Fun fact Star-Ving was lost for a while until Pokematic, the writer of this script, made an article on the lost media wiki.

But then there was stuff like Joe Dirt 2 that people were actually interested in watching. So what'd we do? We made it available on DVD and Blu-Ray and licensed it out to cable TV channels and other streamers like Hulu and Netflix. [Zoom cut] what did you think we'd make something exclusive to our unsuccessful streaming platform and then make it disappear forever instead of trying to make money off of it somewhere else more successful? [Zoom cut even closer with a translucent WB logo] No one's that dumb.

But anyway we got out of the streaming business a long time ago because it was just too much work. Even though we have culturally significant classic works like the 3 stooges and seinfeld, it's so much easier to just license that out to existing streaming services instead of trying to build our own. [Zoom cut with a transparent peacock logo on it] I mean, who'd make an entire streaming service and hope that by making their flagship series exclusive to said service it would bring customers over? People just aren't going to watch it now and it's going to fall out of the public consciousness. That's a stupid idea.

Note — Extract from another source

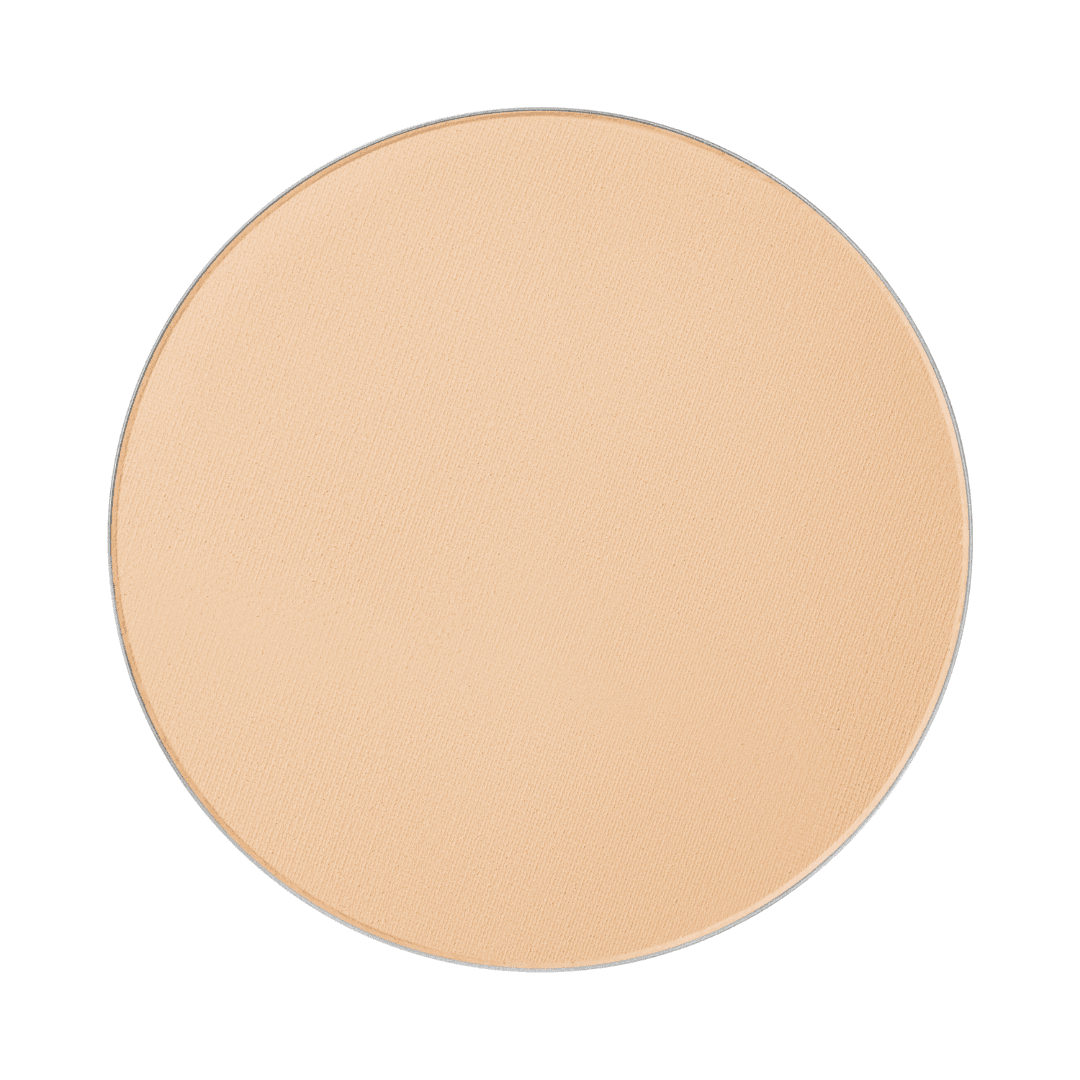 Studio Fix - Powder Plus Foundation Refill NC15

It's also so much easier because we don't have to worry about exclusivity and brand cheapening. We made a TV cartoon of our flagship movie franchise Cloudy with a Chance of Meatballs, it's original run was on Cartoon Network but then Paramount Plus had it for streaming. It didn't matter to us because the check cleared both times, and they didn't care because they were just licensing it from us. It's not like the Cloudy with a Chance of Meatballs series was some cartoon network production that then started airing on the nickelodeon streaming service. [Zoom cut with a translucent south park logo] how ridiculous would it be if you weren't able to host your own flagship series because of some exclusivity deal with another streaming network? That would be peak insanity right there.

To be fair, streaming is very popular. No one under the age of 40 has cable anymore, [as a name is listed add the logo] it's just netflix, and hulu, and disney plus, and max, and peacock, and amazon prime, and apple tv plus, and tubi, and pluto, and freevie, and roku channel, and paramount plus, and crackle under new ownership, and how is this easier than cable? Oh what do I care, they're all paying me to either license my stuff or make new stuff for them. Disney wanted to have the Toby Parker and Andrew Parker spiderman movies on Disney Plus because of the No Way Home plot line, and Amazon wanted their own Hotel Transylvania movie, and I don't care if either are successful because I'm getting paid either way.

[Alternate joke about it being cable 2.0]

No it's not, it's the a la cart cable service everyone has been asking for for years. If this was cable you'd have to subscribe to paramount plus and Netflix to get Disney plus, now you can just subscribe to what you want. If there's a single show you want to watch on peacock, then subscribe for a month, watch it all in that month, and then cancel. If it's getting drip fed out, then just wait for it to finish and binge it all at once. [Zoom cut] what loser would constantly pay for something they aren't always using. Prove to mister I like money Netflix you're not an idiot who will keep paying regardless of how slow they make stuff. [Zoom cut back] what it's not profitable to have people subscribe for 1 month out of the year and have a constantly rotating set of subscriptions. [Zoom cut with a dramatic pause] hahahahha now do you see why I got out of the streaming business?

The streaming wars, the only winners are those that don't compete.